The Azure company said that attackers used machine-learning clusters rented by customers for cryptocurrency mining at the customers’ expense
Machine-learning tasks involve a tremendous amount of computing resources. The attackers took advantage of this fact and generated large amounts of the currency while the customers made use of the clusters. The misconfigured node made the attack easy for the attackers.
Microsoft said, “the infected clusters were running Kubeflow, an open-source framework for machine-learning applications in Kubernetes, which is itself an open-source platform for deploying scalable applications across large numbers of computers. Compromised clusters were numbered in the “tens”. Many of them ran an image available from a public repository, ostensibly to save users the hassle of creating one themselves. Upon further inspection, Microsoft investigators discovered it contained code that surreptitiously mined the Monero Cryptocurrency.”
Once investigators discovered the infected clusters, the next step was figuring out how the machines were compromised.
The set-up of the system ensures that access to the administrator’s dashboard and control of Kubeflow is via istio ingress. Istio ingress is a gateway at the edge of the cluster network. It ensures that no unauthorized changes takes place in the cluster.
Gaining access to the dashboard is just the first step. After this, the attackers explore several options for deploying a backdoor in the clusters.
One of such options is the placing of a malicious image inside a Jupyter Notebook server.
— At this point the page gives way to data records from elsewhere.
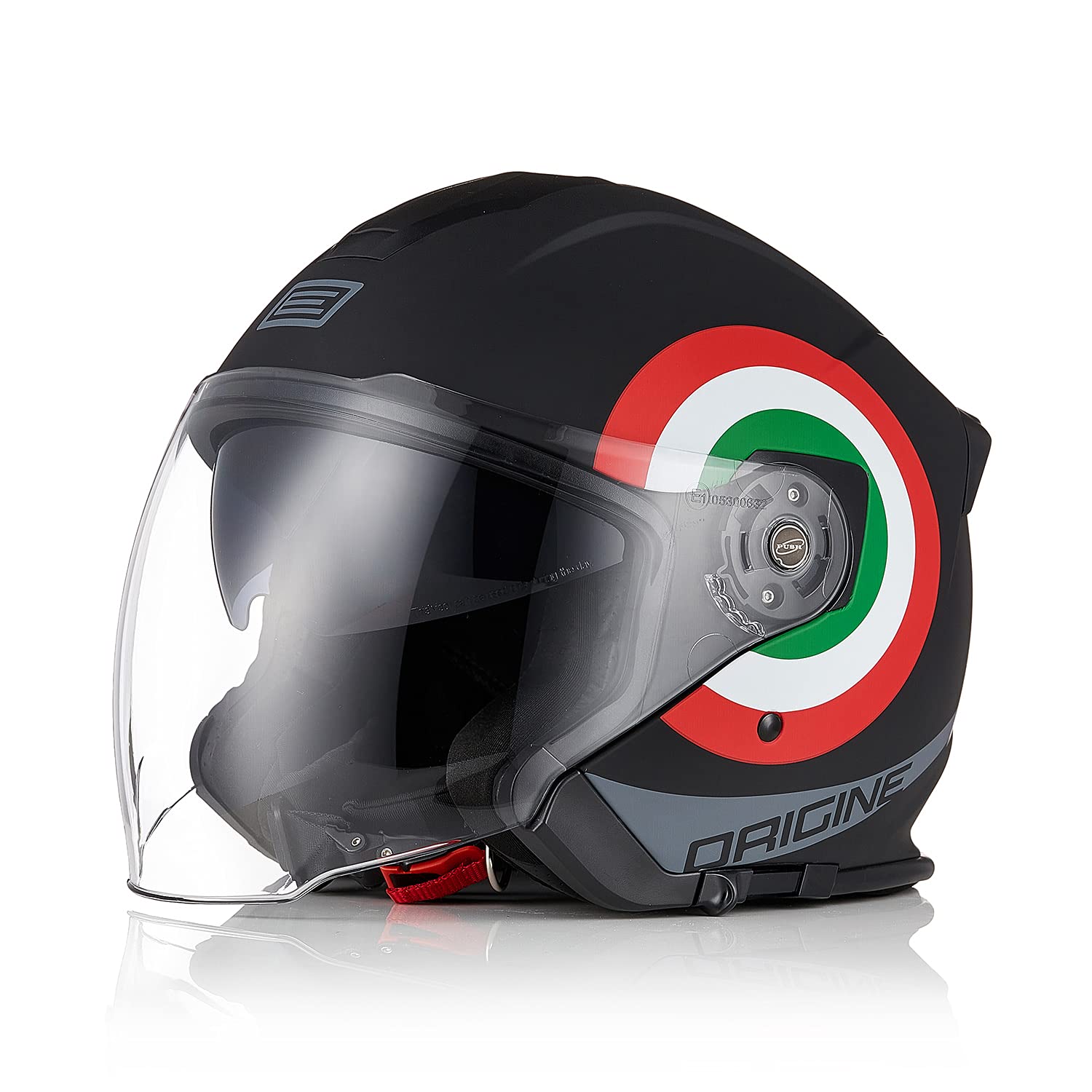 ORIGINE Motorradhelm Jethelm Roller Helm Scooter Helm Moped Mofa Helm mit Doppelvisier ECE Zertifizierung (Italy 2.0 Matt Black,S) von ORIGINE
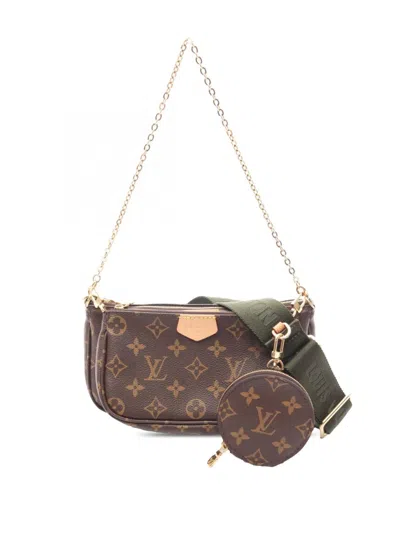 Pre-owned Louis Vuitton 2021-2025 Monogram Multi Pochette Accessoires Satchel In Brown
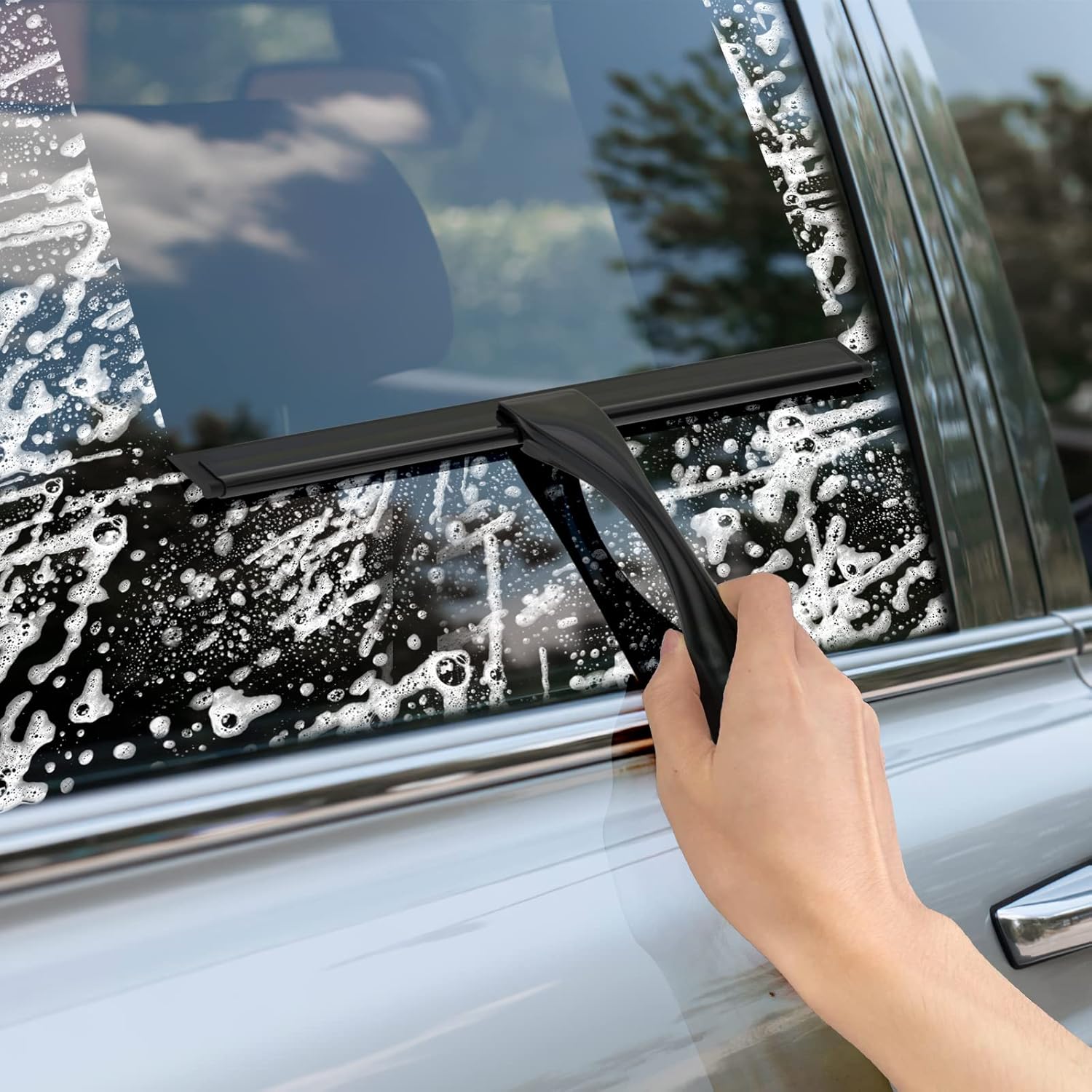 All-Purpose Stainless Steel Shower Squeegee for Shower Glass Door with Adhesive Hook, Bathroom Cleaner Tool Household Window Mirror Squeegee for Glass Doors, Cleaning Tile Wall, Car, 12 inch, Black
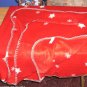 Star Decorated Throw,Fleece, Pretty Red ,Comfy,Warm,New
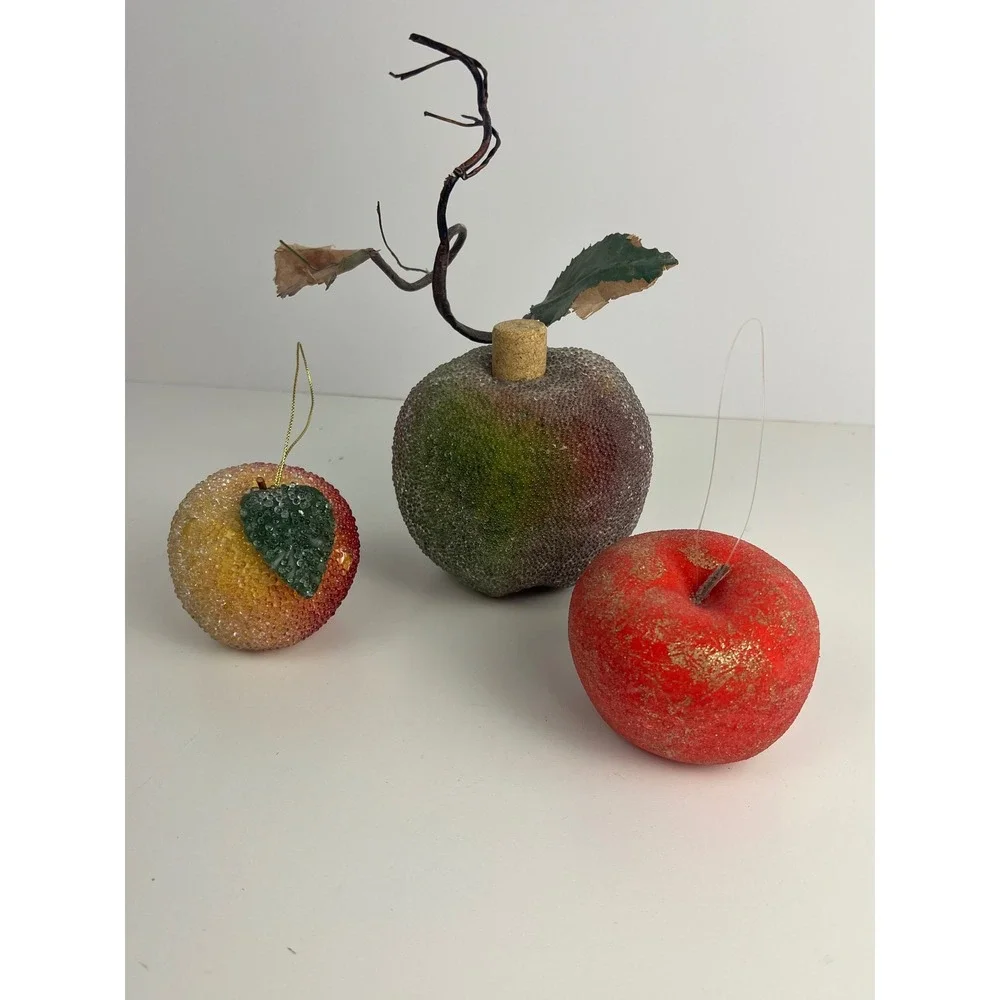 Set of 3 Vintage‎ Sugar Beaded Apples Glittered Red Green Yellow Home Decor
A Security-research software engineer in the Azure Security Center, Yossi Weizman; said that the users unknowingly change a setting, which invariably gives attackers access. In the post released on Wednesday, he wrote “we believe that some users chose to do it for convenience, without this action, accessing the dashboard requires tunneling through the Kubernetes API server and isn’t direct. By exposing the Service to the Internet, users can access the dashboard directly. However, this operation enables insecure access to the Kubeflow dashboard, allowing anyone to perform operations in Kubeflow, including deploying new containers in the cluster. Azure Security Center has detected multiple campaigns against Kubernetes clusters in the past that have a similar access vector; an exposed service to the Internet. However, this is the first time we have identified an attack that specifically targets Kubeflow environments specifically.”
The company’s post gave users multiple techniques for checking if the clusters are vulnerable.